Assignment
Using the entries that follow, count the lines containing the word "المظهر" and give that number by itself.

Brief descriptive captions:
•••
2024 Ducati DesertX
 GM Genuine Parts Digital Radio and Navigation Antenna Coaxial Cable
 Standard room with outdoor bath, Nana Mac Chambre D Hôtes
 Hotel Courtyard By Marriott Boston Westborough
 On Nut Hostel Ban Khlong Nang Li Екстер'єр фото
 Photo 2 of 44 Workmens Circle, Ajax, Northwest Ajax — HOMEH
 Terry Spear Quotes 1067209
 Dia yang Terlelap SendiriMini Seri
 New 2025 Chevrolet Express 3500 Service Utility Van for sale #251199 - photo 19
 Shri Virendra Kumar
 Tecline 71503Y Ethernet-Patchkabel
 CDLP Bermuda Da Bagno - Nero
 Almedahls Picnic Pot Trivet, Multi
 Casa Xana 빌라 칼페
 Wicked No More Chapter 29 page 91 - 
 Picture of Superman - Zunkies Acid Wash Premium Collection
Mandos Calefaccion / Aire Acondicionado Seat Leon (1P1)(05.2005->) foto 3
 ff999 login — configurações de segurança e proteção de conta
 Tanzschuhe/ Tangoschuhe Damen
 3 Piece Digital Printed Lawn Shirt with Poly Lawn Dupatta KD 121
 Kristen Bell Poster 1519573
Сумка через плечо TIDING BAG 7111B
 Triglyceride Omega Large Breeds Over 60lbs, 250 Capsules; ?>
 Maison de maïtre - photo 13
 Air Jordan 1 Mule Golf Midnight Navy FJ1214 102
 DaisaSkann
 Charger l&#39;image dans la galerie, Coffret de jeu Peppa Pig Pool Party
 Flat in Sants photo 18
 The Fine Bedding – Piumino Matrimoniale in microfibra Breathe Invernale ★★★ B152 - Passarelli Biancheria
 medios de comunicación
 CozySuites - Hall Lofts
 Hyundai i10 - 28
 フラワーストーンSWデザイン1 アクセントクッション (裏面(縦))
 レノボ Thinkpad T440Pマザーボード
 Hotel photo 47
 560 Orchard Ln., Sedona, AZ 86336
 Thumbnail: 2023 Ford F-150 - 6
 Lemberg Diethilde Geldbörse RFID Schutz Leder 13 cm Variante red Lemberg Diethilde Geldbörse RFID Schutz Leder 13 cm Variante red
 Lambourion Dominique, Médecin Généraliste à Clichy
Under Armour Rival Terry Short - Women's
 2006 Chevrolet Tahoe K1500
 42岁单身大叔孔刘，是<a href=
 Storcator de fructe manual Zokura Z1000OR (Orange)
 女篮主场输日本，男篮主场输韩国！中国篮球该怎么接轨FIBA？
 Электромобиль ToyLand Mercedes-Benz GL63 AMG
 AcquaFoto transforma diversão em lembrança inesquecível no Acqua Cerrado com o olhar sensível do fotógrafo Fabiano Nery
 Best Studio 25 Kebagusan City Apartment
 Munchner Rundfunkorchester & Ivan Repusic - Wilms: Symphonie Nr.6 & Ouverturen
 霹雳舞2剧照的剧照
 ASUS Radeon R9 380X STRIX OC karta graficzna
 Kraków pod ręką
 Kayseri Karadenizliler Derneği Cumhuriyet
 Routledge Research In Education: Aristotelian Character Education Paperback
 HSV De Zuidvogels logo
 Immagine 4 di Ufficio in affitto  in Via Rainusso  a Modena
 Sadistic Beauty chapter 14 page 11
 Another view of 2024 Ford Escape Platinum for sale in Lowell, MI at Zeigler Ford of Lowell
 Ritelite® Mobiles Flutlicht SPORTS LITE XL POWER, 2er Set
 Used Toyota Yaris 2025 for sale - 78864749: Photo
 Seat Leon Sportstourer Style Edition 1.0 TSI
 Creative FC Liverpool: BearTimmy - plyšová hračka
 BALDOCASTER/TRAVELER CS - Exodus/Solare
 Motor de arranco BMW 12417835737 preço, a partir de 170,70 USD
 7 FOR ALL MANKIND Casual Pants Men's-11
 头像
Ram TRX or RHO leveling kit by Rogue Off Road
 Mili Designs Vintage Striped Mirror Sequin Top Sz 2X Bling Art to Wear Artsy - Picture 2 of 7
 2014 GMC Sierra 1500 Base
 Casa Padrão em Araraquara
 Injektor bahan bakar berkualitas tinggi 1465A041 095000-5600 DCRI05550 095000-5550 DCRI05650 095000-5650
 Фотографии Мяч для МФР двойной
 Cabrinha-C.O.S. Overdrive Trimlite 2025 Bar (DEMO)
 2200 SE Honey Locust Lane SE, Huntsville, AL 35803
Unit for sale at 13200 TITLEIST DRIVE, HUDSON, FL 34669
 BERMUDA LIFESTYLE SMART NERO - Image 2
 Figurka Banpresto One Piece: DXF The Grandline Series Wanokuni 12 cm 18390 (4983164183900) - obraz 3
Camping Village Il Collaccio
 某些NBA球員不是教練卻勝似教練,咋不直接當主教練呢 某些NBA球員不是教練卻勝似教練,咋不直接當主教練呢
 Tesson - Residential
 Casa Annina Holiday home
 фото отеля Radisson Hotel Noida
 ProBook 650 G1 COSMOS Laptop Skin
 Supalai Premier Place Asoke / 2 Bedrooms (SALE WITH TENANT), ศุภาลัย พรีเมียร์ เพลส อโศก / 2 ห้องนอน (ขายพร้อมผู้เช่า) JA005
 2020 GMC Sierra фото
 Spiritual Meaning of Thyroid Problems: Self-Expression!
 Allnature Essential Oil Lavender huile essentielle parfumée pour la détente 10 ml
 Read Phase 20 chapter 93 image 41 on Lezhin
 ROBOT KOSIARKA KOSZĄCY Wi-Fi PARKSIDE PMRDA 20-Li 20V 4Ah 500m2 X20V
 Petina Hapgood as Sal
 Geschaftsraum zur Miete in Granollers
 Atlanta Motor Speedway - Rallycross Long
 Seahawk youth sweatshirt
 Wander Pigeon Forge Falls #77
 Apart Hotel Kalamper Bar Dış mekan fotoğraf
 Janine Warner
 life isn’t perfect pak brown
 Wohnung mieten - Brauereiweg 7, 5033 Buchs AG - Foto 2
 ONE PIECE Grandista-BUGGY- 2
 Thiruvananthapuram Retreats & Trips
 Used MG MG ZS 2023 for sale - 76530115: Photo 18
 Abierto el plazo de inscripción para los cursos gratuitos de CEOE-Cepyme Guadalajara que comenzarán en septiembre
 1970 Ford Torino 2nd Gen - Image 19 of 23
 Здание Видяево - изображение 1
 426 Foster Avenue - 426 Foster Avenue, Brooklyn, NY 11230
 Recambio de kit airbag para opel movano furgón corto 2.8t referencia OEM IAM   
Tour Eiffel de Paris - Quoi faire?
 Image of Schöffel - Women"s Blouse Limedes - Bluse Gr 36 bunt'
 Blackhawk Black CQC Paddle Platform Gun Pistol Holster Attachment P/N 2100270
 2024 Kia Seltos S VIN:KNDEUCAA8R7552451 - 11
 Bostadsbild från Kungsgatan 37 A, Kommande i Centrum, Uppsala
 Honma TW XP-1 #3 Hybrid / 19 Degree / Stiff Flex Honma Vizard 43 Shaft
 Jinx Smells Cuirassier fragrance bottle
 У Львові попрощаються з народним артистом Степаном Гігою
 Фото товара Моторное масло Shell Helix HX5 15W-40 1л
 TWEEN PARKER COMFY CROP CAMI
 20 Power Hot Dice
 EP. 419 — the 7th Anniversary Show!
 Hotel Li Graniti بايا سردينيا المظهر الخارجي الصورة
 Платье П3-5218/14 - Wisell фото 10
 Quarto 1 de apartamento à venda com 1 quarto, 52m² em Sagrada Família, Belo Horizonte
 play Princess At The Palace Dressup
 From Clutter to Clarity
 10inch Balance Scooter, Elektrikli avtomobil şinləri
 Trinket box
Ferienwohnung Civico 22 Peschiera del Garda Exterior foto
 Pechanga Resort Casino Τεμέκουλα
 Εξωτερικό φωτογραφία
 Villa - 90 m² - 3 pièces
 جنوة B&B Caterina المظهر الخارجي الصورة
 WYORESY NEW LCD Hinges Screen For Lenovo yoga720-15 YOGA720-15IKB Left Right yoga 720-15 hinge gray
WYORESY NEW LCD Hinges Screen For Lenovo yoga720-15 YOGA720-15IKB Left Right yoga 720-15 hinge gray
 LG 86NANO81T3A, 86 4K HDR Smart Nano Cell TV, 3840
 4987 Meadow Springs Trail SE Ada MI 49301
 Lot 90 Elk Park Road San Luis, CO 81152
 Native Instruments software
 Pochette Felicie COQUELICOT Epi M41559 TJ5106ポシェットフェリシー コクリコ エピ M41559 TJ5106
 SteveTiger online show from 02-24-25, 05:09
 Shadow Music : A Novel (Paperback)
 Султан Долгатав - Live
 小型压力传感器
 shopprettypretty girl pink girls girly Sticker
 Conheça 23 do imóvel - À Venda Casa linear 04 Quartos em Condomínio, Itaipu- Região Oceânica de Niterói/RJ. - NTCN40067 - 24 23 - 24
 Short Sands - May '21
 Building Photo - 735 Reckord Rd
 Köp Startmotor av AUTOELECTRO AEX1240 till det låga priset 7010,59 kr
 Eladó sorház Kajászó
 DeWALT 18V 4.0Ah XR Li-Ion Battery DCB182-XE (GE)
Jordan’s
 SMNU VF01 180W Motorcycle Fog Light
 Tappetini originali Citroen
•••
Expected output
2